The networks of needle-leaves of the big old, rough-barked corkwoods are dark green and firm despite weeks of searing sunshine, will shelter finches and pigeons this and many other nights.
Witchetty bushes fan out from stoney ground like it’s nothing to keep doing this for months without rain.
The mulga trees, my favourites, stand in graceful crescents, spreading their fine branches and leaves, saying this is just another summer in a hundred or more.
The young ironwoods have bunches of leaves around their bases, are still on the slow path to recovery from that fire six years ago.
The buffel grass clumps are grey and look dead, but that’s a blessing with this weed.
The pale brown soil, sprinkled with dry lichens and tiny, brittle grass stems, keeps its hundreds of thousands of seeds, waiting carefully for the right rain.
I walk to the stone circle, my touchstone. There is another car track across it, faint but a couple of fist-sized stones have been displaced.
The circle is slowly disappearing. Maybe someone will come and fix it up, but I suspect not.

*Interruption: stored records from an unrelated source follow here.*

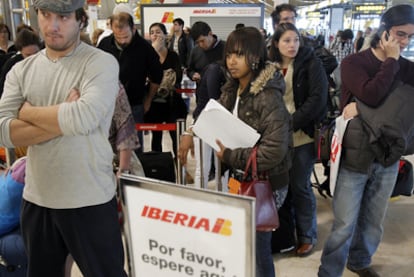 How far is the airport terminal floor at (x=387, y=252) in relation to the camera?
2.87 m

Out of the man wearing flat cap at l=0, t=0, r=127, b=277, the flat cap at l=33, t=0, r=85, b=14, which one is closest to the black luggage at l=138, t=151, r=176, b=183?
the man wearing flat cap at l=0, t=0, r=127, b=277

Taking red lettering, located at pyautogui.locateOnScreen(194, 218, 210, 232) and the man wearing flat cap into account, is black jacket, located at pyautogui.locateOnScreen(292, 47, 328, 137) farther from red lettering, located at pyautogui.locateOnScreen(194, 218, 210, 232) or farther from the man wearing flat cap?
red lettering, located at pyautogui.locateOnScreen(194, 218, 210, 232)

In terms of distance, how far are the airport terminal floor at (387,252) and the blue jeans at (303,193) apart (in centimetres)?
18

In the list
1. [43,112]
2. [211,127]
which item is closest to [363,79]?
[211,127]

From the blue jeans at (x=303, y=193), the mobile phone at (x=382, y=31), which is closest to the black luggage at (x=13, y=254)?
the blue jeans at (x=303, y=193)

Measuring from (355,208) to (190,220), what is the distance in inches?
56.6

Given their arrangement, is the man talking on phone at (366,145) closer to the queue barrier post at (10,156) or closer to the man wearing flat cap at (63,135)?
the man wearing flat cap at (63,135)

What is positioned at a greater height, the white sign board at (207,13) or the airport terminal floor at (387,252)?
the white sign board at (207,13)

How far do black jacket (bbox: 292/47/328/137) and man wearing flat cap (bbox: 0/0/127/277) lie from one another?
4.88ft

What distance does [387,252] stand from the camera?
3131 mm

As I walk back, I watch the clouds, always a novelty here. There are lines of fluffy ones, some of them grey enough to look semi-serious.
They’re joining up to make a wall in the west. The sun only looks through it occasionally.
So this is the time when the sun is not in my face but lines of sunlight stream down in front of the clouds, not doing anything dramatic, but there nonetheless.